Stalingrad 3D’s producer-director Fyodor Bondarchuk has a US major in his sights for the national and international distribution of the forthcoming Russian war film, Battalion Of Death, set during the First World War.
Speaking during a presentation of the first footage of Dmitry Meshiev’s drama about the women battalions formed in 1917 to fight on the Eastern front against the Germans, Bondarchuk said that negotiations were underway with “a big company” to handle distribution in a way “very similar to Stalingrad.”
The $30m war drama Stalingrad was released in Russian cinemas by Sony Pictures Releasing International on October 10, 2013 and posted the strongest opening weekend ever for a locally produced film with $14.3m from 1,400 screens. In total, the film took $52m (RUB1.75bn) at the Russian box office to become the top release of 2013 and was also a hit for Sony in China with takings of over $11.5m.
Bondarchuk, whose production company Art Pictures Studio co-produced Battalion of Death with producer Igor Ugolnikov’s Corner Work, said that he was aiming for box office of RUB 2bn for the new film, thereby correcting Minister of Culture Vladimir Medinsky’s forecast of RUB 1.5 bn.
“Stalingrad was released in the four weeks free of big US releases, so we will try to find a good period [for Battalion of Death],” Bondarchuk explained, pointing out that another of Art Pictures’ past co-productions, Dykhless, had to wait 11 months for the right launch date.
He stressed that the film will not be converted to 3D - “that would be a wrong move” - while Ugolnikov revealed that the official Russian premiere would be during this year so that it can be part of the events commemorating the centenary of the opening of hostilities for the First World War in 1914.
Reportedly budgeted at RUB 250m, Battalion of Death received RUB 50m production support from the Ministry of Culture, had the Gazprombank as a main partner and sponsorship from Russian Railways.
Director Meshiev reacted with some hostility to journalists’ questions about how one should interpret this story: as an act of bravery or senseless folly like the Charge of the Light Brigade?, while the Russian Military Historical Society, a consultant on the film, insisted that there was “no sign of apology for war” in the film.
The Historical Society was established at the end of 2012 by an executive order of President Putin and is regarded as a successor to Imperial Military History Society which had existed from 1907 until the Revolution in 1917.
Last year, the body of military historians voiced its “resolute protest” at the German TV two-part series Operation War, declaring that “a distorted picture of the World War II is being intentionally created in the West through efforts of cinematography and the media.”
Asked by another journalist whether the film intended to prepare Russia for war, given the current climate with the crisis in Ukraine, producer Ugolnikov countered: “we are not preparing for war, but trying to remember history.”
He noted that this chapter in Russia’s history about the all-women combat units formed to inspire the mass of the war-weary soldiers to continue fighting “was left out of our history books and bad-mouthed.
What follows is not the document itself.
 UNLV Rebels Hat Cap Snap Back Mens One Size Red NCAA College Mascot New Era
This film will fill a black spot in our memory.”
Minister of Culture Medinsky — known in some quarters as Putin’s “culture cop” - said that Meshiev’s film was “an amazing film” that is “completely true to history.”
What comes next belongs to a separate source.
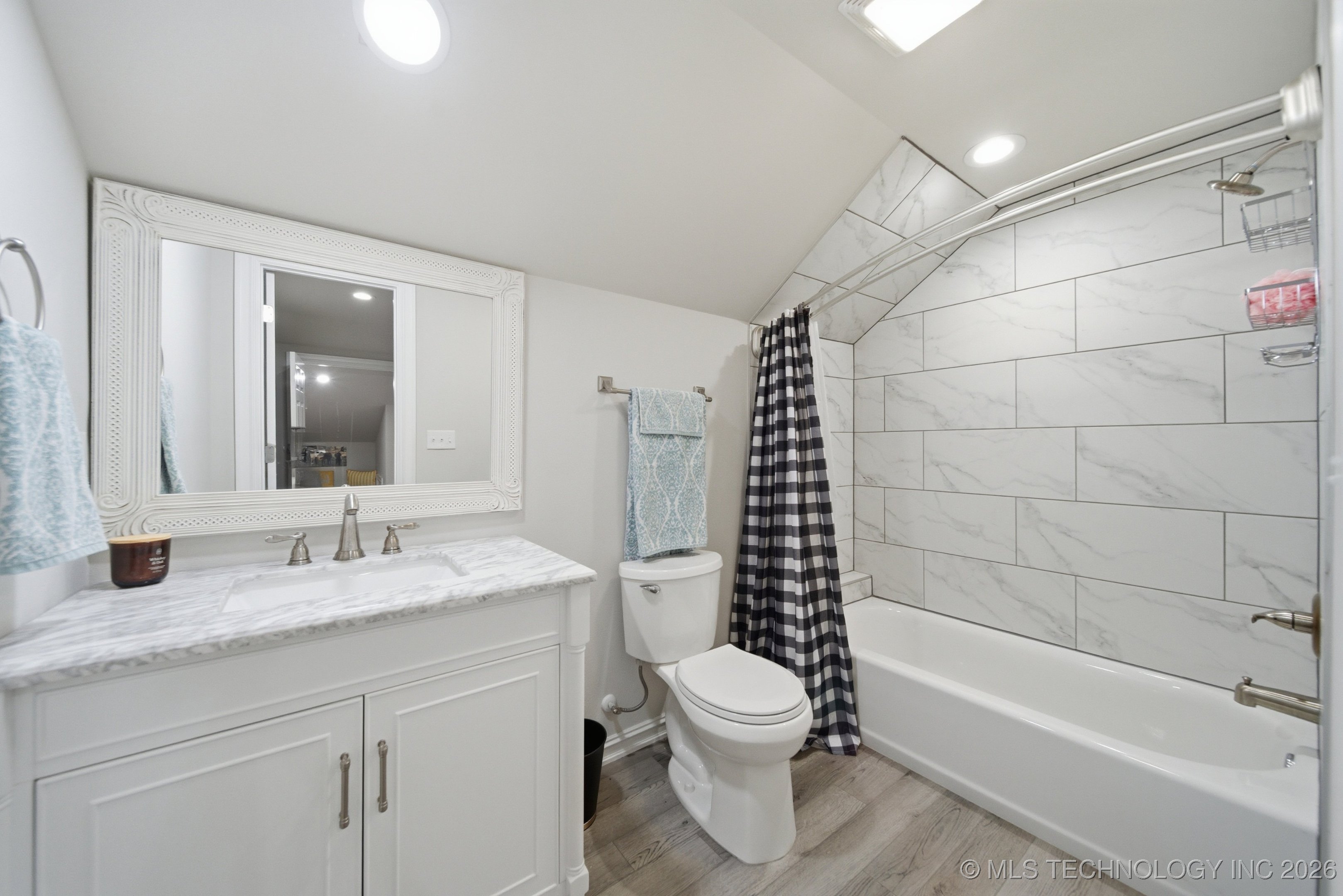 4302 S Woodland Avenue Property Photo 32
” In this film, everything is true, from the names of the participants of those events to such details as weapons and costumes,” he added.
Looking back at the film’s genesis, Bondarchuk said that he had originally approached Ugolnikov for a segment of an omnibus film about the First World War with episodes by filmmakers from each of the countries involved in the conflict.
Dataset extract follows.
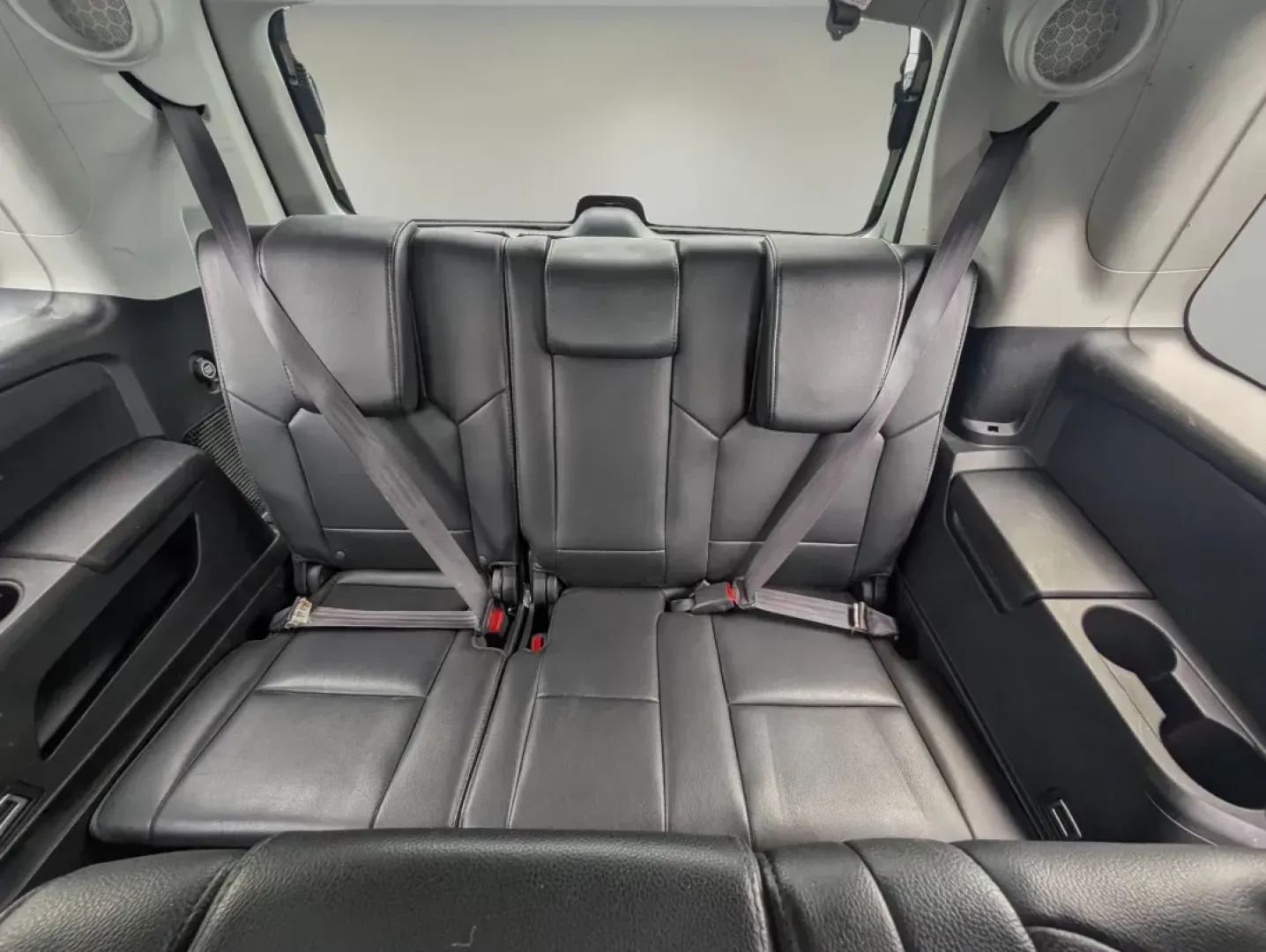 2015 Honda Pilot Touring (5FNYF3H90FB) with an Regular Unleaded V-6 3.5 L/212 engine, 5-Speed Automatic w/OD transmission, located at 804 22nd Ave, Phenix City, AL, 36870, (334) 297-1860, 32.484749, -85.024475 - Experience the ultimate family adventures with this stunning 2015 Honda Pilot Touring, now available at Gils Auto - Phenix City #2! Located at 804 22nd Ave, Phenix City, AL 36870, our dealership specializes in Buy Here Pay Here financing, making it easier than ever for you to drive home a reliable v - Photo#11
When this international project did not materialise, Ugolnikov continued with the subject and developed further it into a feature film script.
Art Pictures quartet
At the Russian Cinema Fund’s project pitching session earlier this week, Bondarchuk had presented four projects for which his company Art Pictures Studio is seeking production funding as one of the industry so-called ‘leaders’.
While two of the projects are animation features (Baba Yaga and the 3D feature Savva, written and directed by music producer Maxim Fadeev from his eponymous children’s book from 2007), Bondarchuk also presented Alexander Boykov’s post-apocalyptic drama Tolko Ne Oni, shot at locations in Togliatti and Samara in southern Russia, and the comedy Odna K Odnomy.
Meanwhile, Art Pictures and Kinoslovo are collaborating once again on a feature film centring on the character of top manager Max Andreev introduced by Sergei Minaev in his novel Duhless and adapted for the screen by Roman Prygunov.
Shooting is due to begin next month in Bali on the sequel of Russia’s answer to Oliver Stone’s Wall Street, with the ubiquitous Danila Kozlovsky reprising his role as Andreev.
In the new film Downshifter (working title), Andreev has left Moscow behind and is enjoying life on Bali spending the days surfing and motorbiking around the island, until circumstances back home force him to return to the Russian capital. Universal will release the film in spring 2015.